Burkina Faso’s national flag.
Burkina Faso’s military government has ordered senior United Nations official, Barbara Manzi to leave the country immediately, without giving a reason.
Following Ms Manzi’s expulsion on Friday, a government spokesperson refused to provide details about the decision, and did not immediately say why the authorities had labeled her, the UN’s resident coordinator in the country, as “persona non grata”, demanding that she leave on Friday.
“Ms Barbara Manzi, resident coordinator of the United Nations system, is declared persona non grata on the territory of Burkina Faso,” a government statement said.
“She is therefore requested to leave Burkina Faso today, December 23, 2022,” it demanded, without giving any official reason for the expulsion.
Reuters quotes a diplomatic source as saying the expulsion is justified by the fact that Ms Manzi recently “requested and obtained the withdrawal of non-essential personnel of the (UN) system from Burkina Faso”.
It was a decision that “risks placing the country in a delicate situation, at a time when Burkina Faso is in dire need of partners to face the security and humanitarian crisis”, the source added.
Another diplomatic source told AFP that a “long list of recriminations” have led “Burkina Faso diplomacy to take its responsibilities”.
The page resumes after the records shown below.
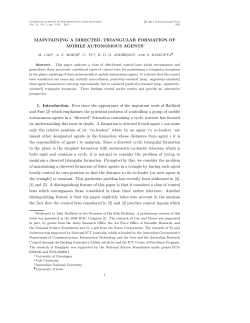 MAINTAINING A DIRECTED, TRIANGULAR FORMATION OF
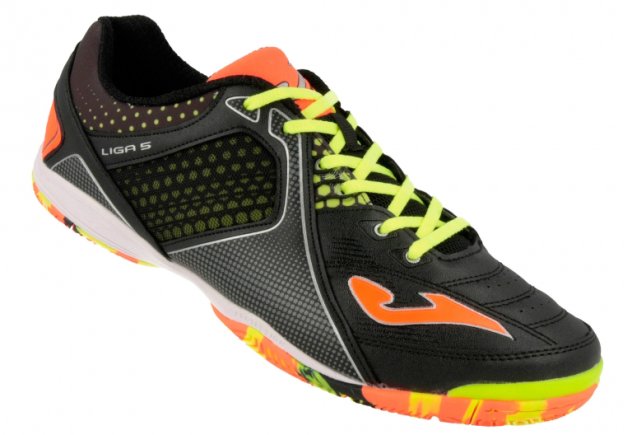 Взуття для залу Joma LIGA 5 701 LIGAS.701.IN колір: чорний/зелений/помаранчевий (офіційна гарантія)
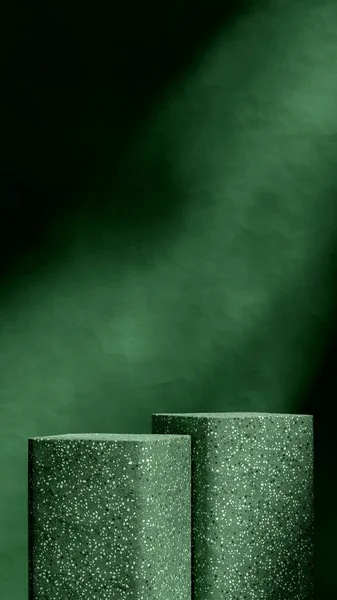 Retrato Escuro Áspero Texturizado Parede Renderização Branco Mockup Verde Terrazzo — Fotografia de Stock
In addition to the request for the withdrawal of non-essential personnel, Ms Manzi is also accused of “attempting to influence negatively” and of “interfering in the political affairs of Burkina”, according to this source.
Ms Manzi’s expulsion comes a few days after the expulsion of two French nationals who worked for a Burkinabe company and were suspected by the authorities of being spies.
Burkina Faso has been ruled since the end of September by Captain Ibrahim Traoré, author of a military coup, the second in eight months.
Its Prime Minister, Apollinaire Kyélem de Tembela, had hoped in mid-November to “diversify partnership relations until we find the right formula for the interests of Burkina Faso”.
He also said that “some partners” had “not always been loyal”, without naming any countries.
In July, Burkina’s neighbour, Mali, also caught up in a serious security crisis, expelled Olivier Salgado, the spokesman for the UN Mission in Mali (Minusma), for having published, according to the ruling junta, “unacceptable information” the day after the arrest of 49 Ivorian soldiers in Bamako.
A spokesperson at the UN headquarters did not immediately respond to a request for comment.
Burkina Faso, one of the world’s poorest countries, is in the grips of an Islamist insurgency in which militants linked to al Qaeda and Islamic State have killed thousands of civilians and created one of the continent’s fastest-growing humanitarian crises.
Nearly 2 million people have been displaced and reside in makeshift camps, many run by the UN, that dot the arid countryside.
The violence, which has rumbled on for about seven years, has been focused in the north and east, crippling local economies, causing mass hunger, and restricting access for aid organisations.
The UN provides some essential services, including supplying food for thousands of malnourished children.
Ms Manzi, who has long experience in humanitarian activities in developing countries, was appointed to the post in Burkina Faso last year.